My Policeman
~ A Capsule Book Review by Allen Kopp ~
My Policeman, a novel by Bethan Roberts, is set mostly in 1957 in the seaside town of Brighton, England. Marion Taylor is an unmarried teacher of small children. There is a man she likes named Tom Burgess. She doesn’t understand Tom very well; she wonders why he is cool toward her and rather aloof. He is handsome, blond, athletic and well-built; he goes swimming in the sea every morning and he eventually teaches her to swim.
Tom is what might be called a straight-arrow type. As a police officer, he is interested in projecting an image of conventionality and respectability. Marion falls in love with him, while he remains blasé on the whole matter of courtship and marriage. She begins to suspect he is gay but believes that she can get him to change, if only he will marry her. Because marriage is what is expected of every young man and because he must project an image of respectability to the world, Tom marries Marion. We can see it’s a marriage that probably isn’t going to be a smashing success.
Tom meets a man thirteen years older than himself named Patrick Hazelwood. Patrick is worldly and sophisticated; he works as a curator in a museum and knows the world of art, music and books. He is also unabashedly gay, at a time in England when sexual activity between men was still a crime and punishable by confinement in prison.
Patrick and Tom begin a “discreet” relationship, although Tom, as a police constable, must be very careful that his “secret” is never revealed. Marion knows that Tom and Patrick are “friends” but doesn’t suspect (at first) the true nature of the relationship. She wants to believe that Tom, with her help, might be cured of his “affliction.” (None so blind as those who will not see.)
Patrick invites Tom to go on a trip with him to romantic Venice. While Tom thinks there is nothing wrong with the two of them going to Venice together, Marion, as Tom’s wife, doesn’t take it well; she is jealous and moved to commit an uncharitable act, to put it mildly.

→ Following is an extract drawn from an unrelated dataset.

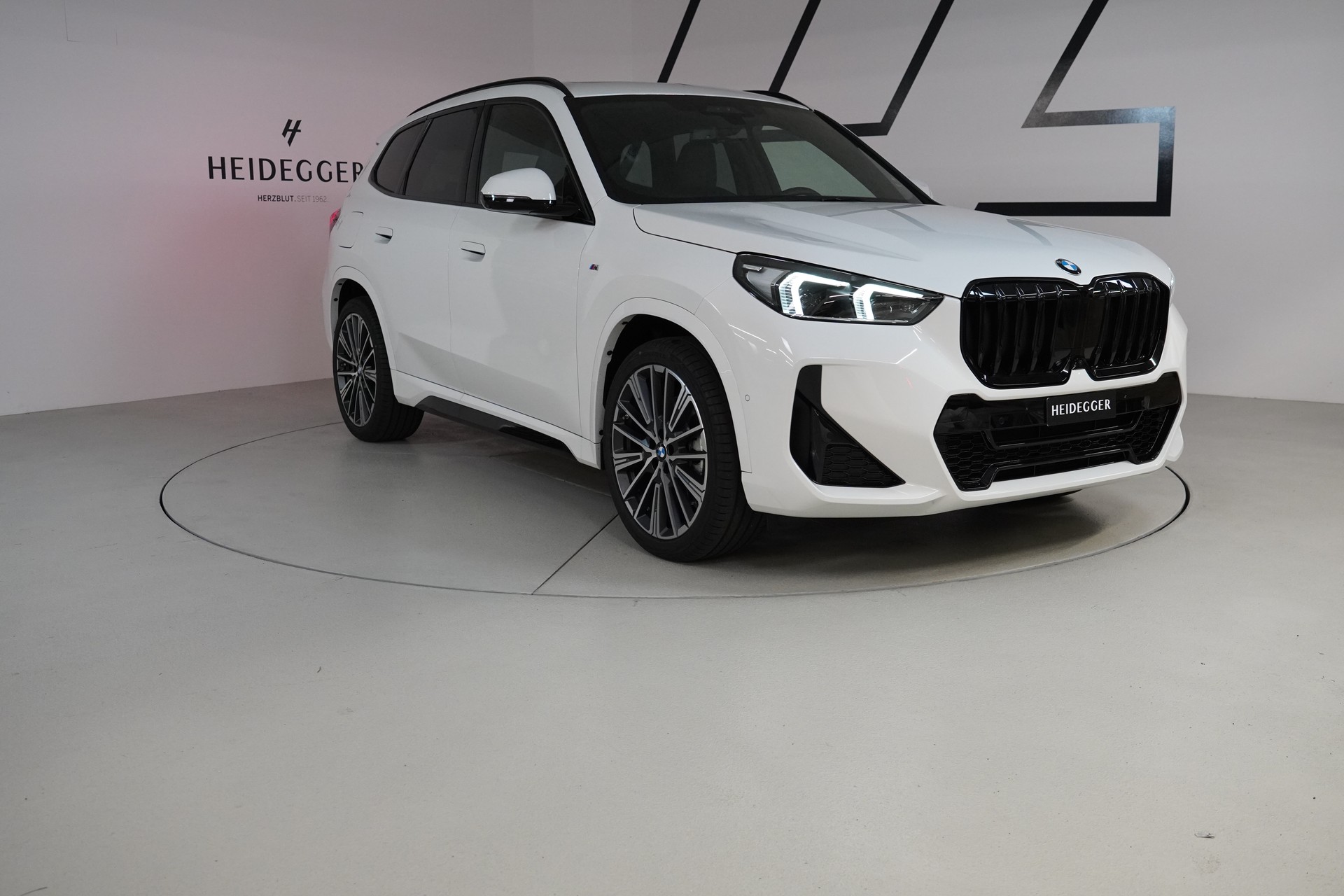 BMW X1 xDrive 23i 48V M Sport-image-2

It is this trip to Venice that provides the catalyst for the novel’s tragic third act.
The novel alternates between first-person passages narrated first by Marion and then by Patrick. They are both besotted with Tom. While most of the action takes place in the late 1950s, some of the novel is set in the late 1990s, showing how these three characters change over forty years through the unique dynamic they share.
My Policeman espouses the themes of jealousy, guilt, and the stupidity of laws that govern human sexual behavior (the lengths to which these laws force people to go to conceal their true natures). It is a memorable, intelligent, adult story. It’s not a story I would recommend to my elderly mother but, then, she and I are tuned to completely different frequencies.